27th November 2009 : A new project has been funded, that could revolutionize the way biomedical researchers share and access information. A national team of biomedical researchers, including Carleton University’s Michel Dumontier are to get the fund to execute the project
Canada’s Advanced Research and Innovation Network, CANARIE, awarded $927,000 to the Canadian Bioinformatics Resources As Semantic Services (C-BRASS) project to integrate different databases and web services into one intelligent network and train Canadians to use them.
“One of the major challenges facing biomedical researchers is the difficulty in obtaining and effectively analyzing the data they need to solve real-world problems,” says Dr.
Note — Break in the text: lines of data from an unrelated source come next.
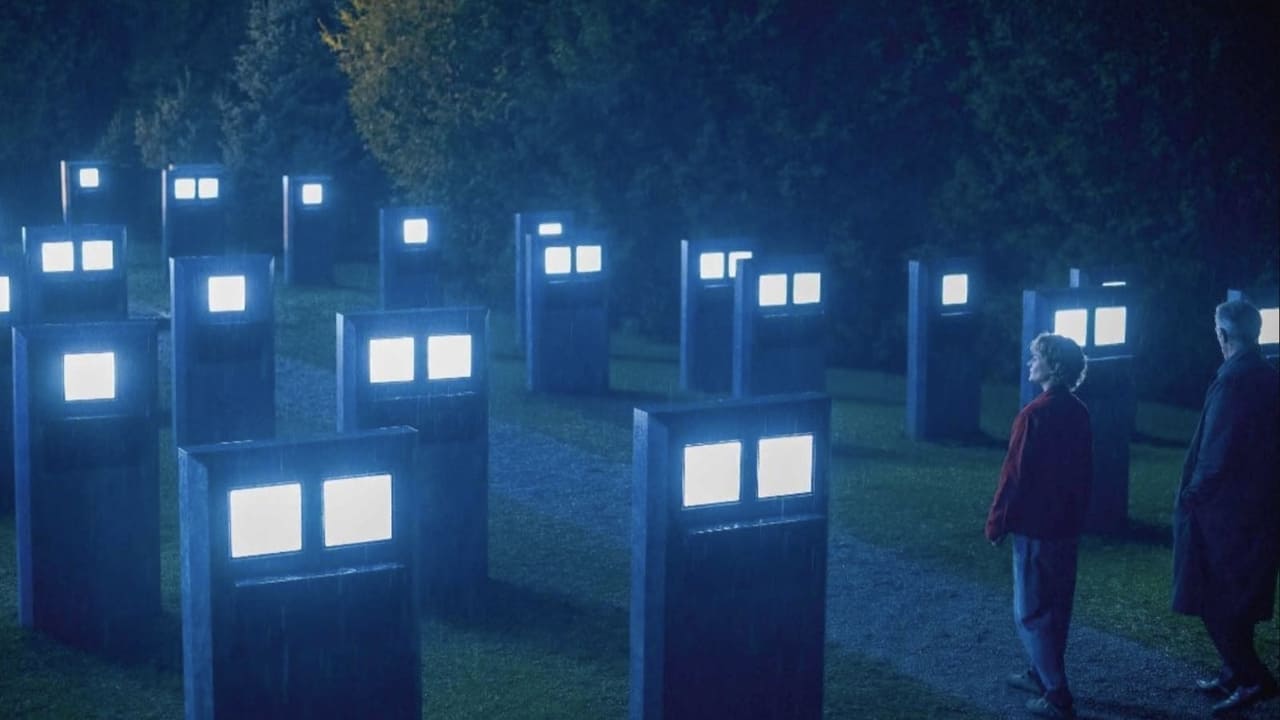 At night, a woman and a man in a cemetary, with rows of shoulder-high tombstones with screens that glow white.
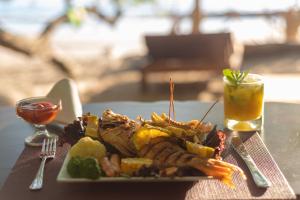 PochoteLos Vivos Beachfront Experience的肉,蔬菜和饮料的盘子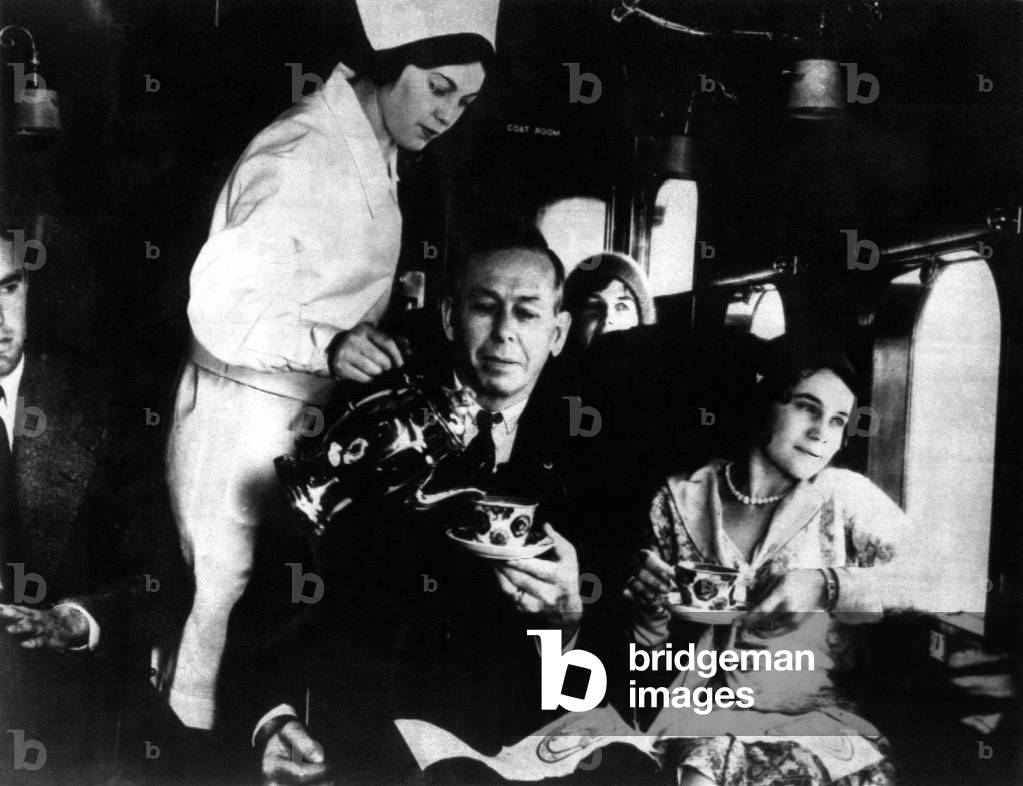 This is what 'in flight service' looked like at the time of the early airlines. That's a hostess not a nurse doing the pouring with the chic coffee pot. Circa : 1930 (b/w photo)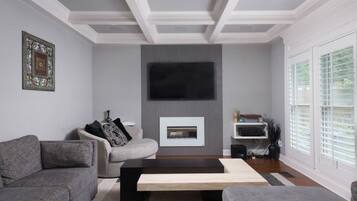 Een moderne woonkamer met een open haard, grijze banken en een flatscreen televisie aan de muur.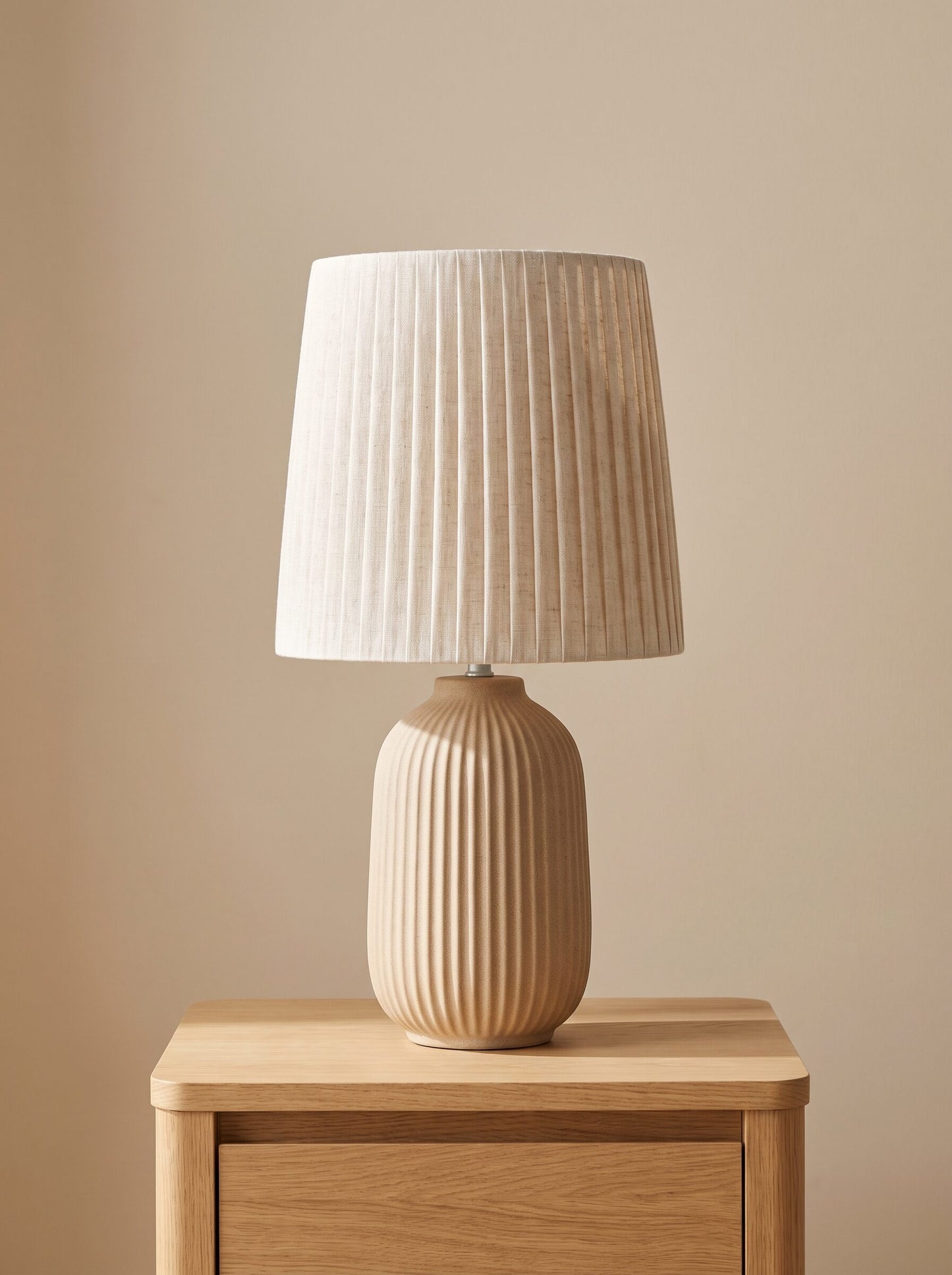 Lámpara de mesita de noche con base de cerámica estriada beige y pantalla de lino, vista frontal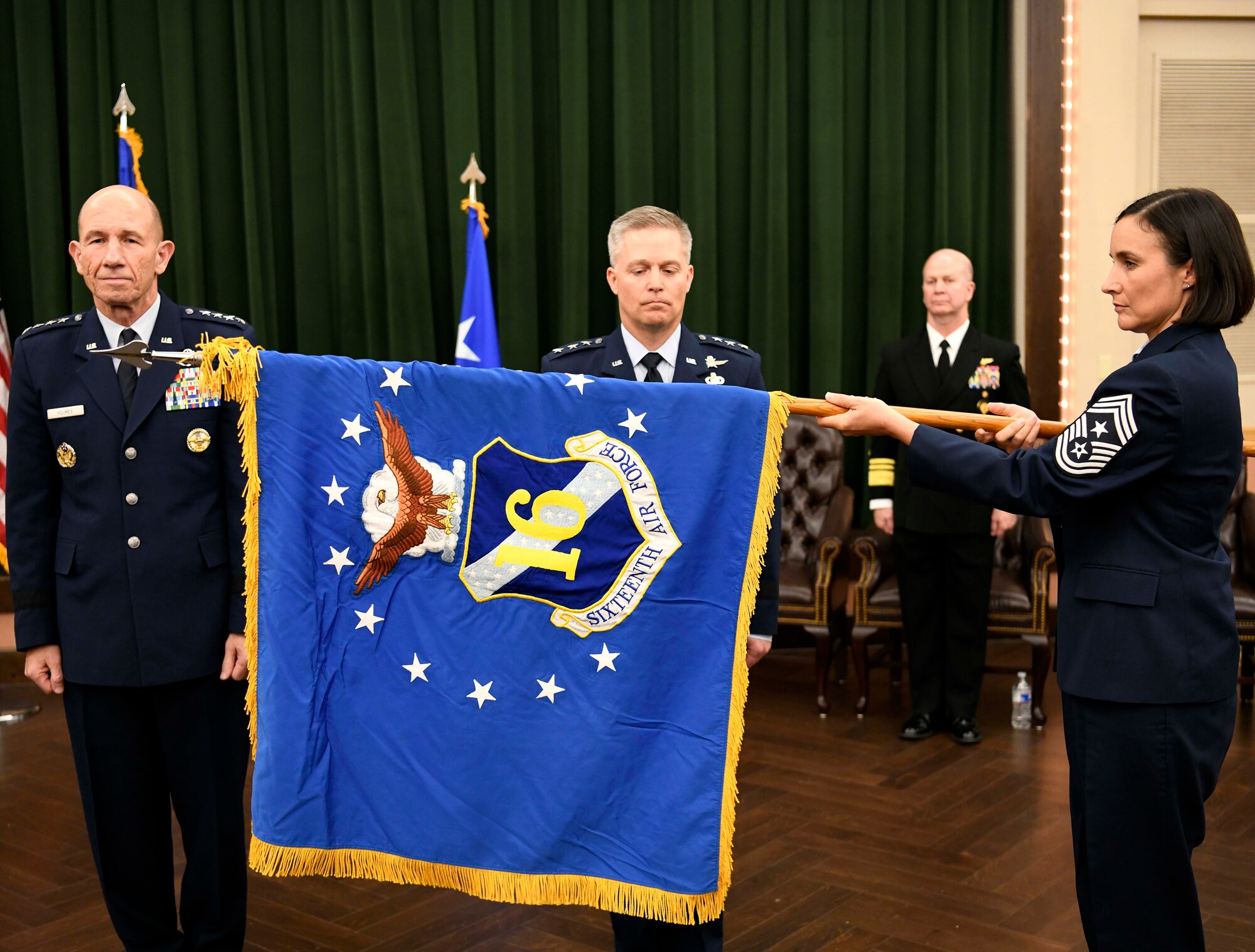 Chief Master Sgt. Summer Leifer, Sixteenth Air Force command chief, unfurls the Sixteenth Air Force flag to signify its activation, as Gen. Mike Holmes, commander of Air Combat Command, and Lt. Gen. Timothy Haugh, former commander of Twenty-Fifth Air Force, look on during the Sixteenth Air Force Assumption of Command at Joint Base San Antonio-Lackland, Texas, Oct. 11, 2019. Twenty-Fourth Air Force was also inactivated during the ceremony to integrate into the new information warfare Numbered Air Force. Sixteenth Air Force is responsible for providing IW capabilities to combatant commanders with the speed to match today’s technological environment. (U.S. Air Force photo by Tech. Sgt. R.J. Biermann)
Dumontier, an associate professor in the Department of Biology and School of Computer Science. “This new project leaves researchers free to focus on what the results mean and how this new knowledge can be used to improve the health of Canadians.”
“Projects like C-BRASS are exactly why the CANARIE Network exists; to enable state-of-the-art research and collaboration that puts Canadian researchers at the leading edge of scientific discovery,” said CANARIE President Guy Bujold.
CANARIE’s funding will be used to further develop a free, open-source toolkit to create new and innovative applications. “For instance, we are using Health Canada funding to leverage this toolkit to build ST-SHARE, a systems toxicology knowledge base, which may be used to inform policy and improve the overall health and safety of Canadians,” points out Dr. Dumontier.
He is researching ways to evaluate drug effectiveness based on the genetic background of an individual. He hopes that his work will reduce the costs of sickness by increasing the efficacy of treatment, spare those that would suffer side-effects and shorten the drug development cycle by having regulatory agencies approve treatments effective for smaller populations.
C-BRASS is led by the Providence Heart and Lung Institute at St. Paul’s Hospital and the University of British Columbia, in collaboration with researchers at Carleton and the University of New Brunswick. It is part of CANARIE’s flagship Network-Enabled Platform (NEP) Program, which to-date has awarded $25.5 million in funding to 19 IT research projects across the country. The NEP Program funds the development of tools and software that help researchers to exploit the massive amounts of data and research that flow along the CANARIE Network.